Gee, I wish I’d received the press release before we were in Las Vegas and I went looking for a doppelbock to try for The Session rather than a few days ago.
For the second straight year, the Hofbräuhaus Las Vegas is pouring a draft beer that is truly special – even by the standards of this beer hall that’s been redefining great-tasting beer for Las Vegans and visitors alike since 2004.
The Hofbräuhaus Las Vegas was able to obtain 50 kegs of this rare brew with the powerful punch (it contains 8% alcohol) and ultra smooth taste. Like all the Hofbräu beers served at Hofbräuhaus Las Vegas, this very special brew was imported fresh from Munich, Germany.
Made completely without preservatives, the Double Bock at Hofbräuhaus Las Vegas can be had only as long as the 50 kegs hold out – and it is a delicious treat not to be missed: this true Double Bock is made with a unique blend of pilsner and Munich malts, which eliminates bitterness, despite its higher alcohol content.

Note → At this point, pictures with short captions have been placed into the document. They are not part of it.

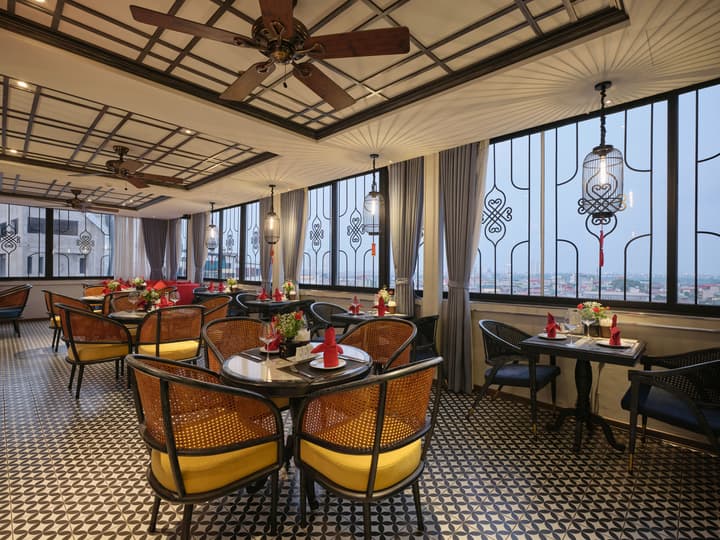 Shining Central Hotel & Spa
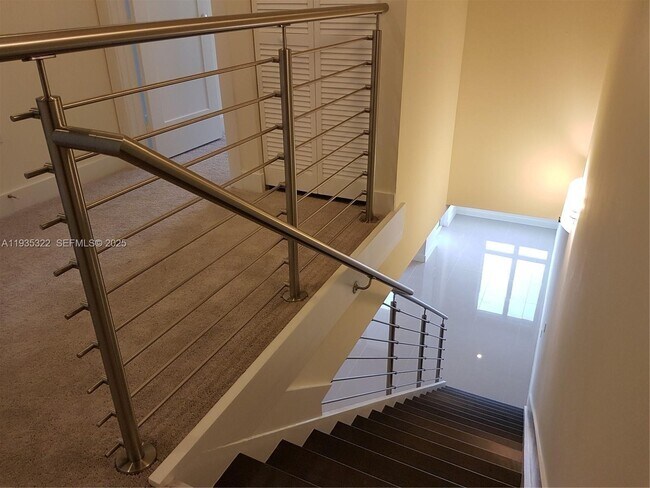 Building Photo - 10245 NW 63rd Terrace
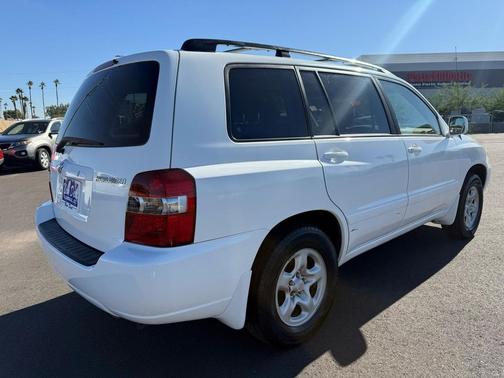 2005 Toyota Highlander Base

In addition, the Double Bock uses more hops in every batch than the other beers at Hofbräuhaus Las Vegas, and the beer is aged twice as long. The result? A surprisingly light-colored brew (compared to the dark, bitter mass-market American beers claiming to be “Double Bock”) that is amazingly smooth on the palate with a faint sweetness, which completely hides the fact that every delicious sip runs about 16 proof!
According to Hofbräuhaus Las Vegas president Stefan Gastager, Hofbräu Double Bock is more familiar to European beer drinkers; many Italians even use it as an aperitif, to whet the appetite before a meal. “Obviously, it is very special to be able to provide this great tasting beer with the storied history to our guests for a second year in a row,” Gastager said. “It’s not often that a beer of this magnitude is available in the United States; I invite everyone to come in and experience this great tasting brew while it lasts, but be careful this beer is very strong!”
. . . compared to the dark, bitter mass-market American beers claiming to be “Double Bock.”
Do you know of a Double Bock other than one from Samuel Adams? What kind of statement is the press release making about the doppelbocks brewed in Munich (where the style originated)?
Just trying to figure out whose bows are being shot across.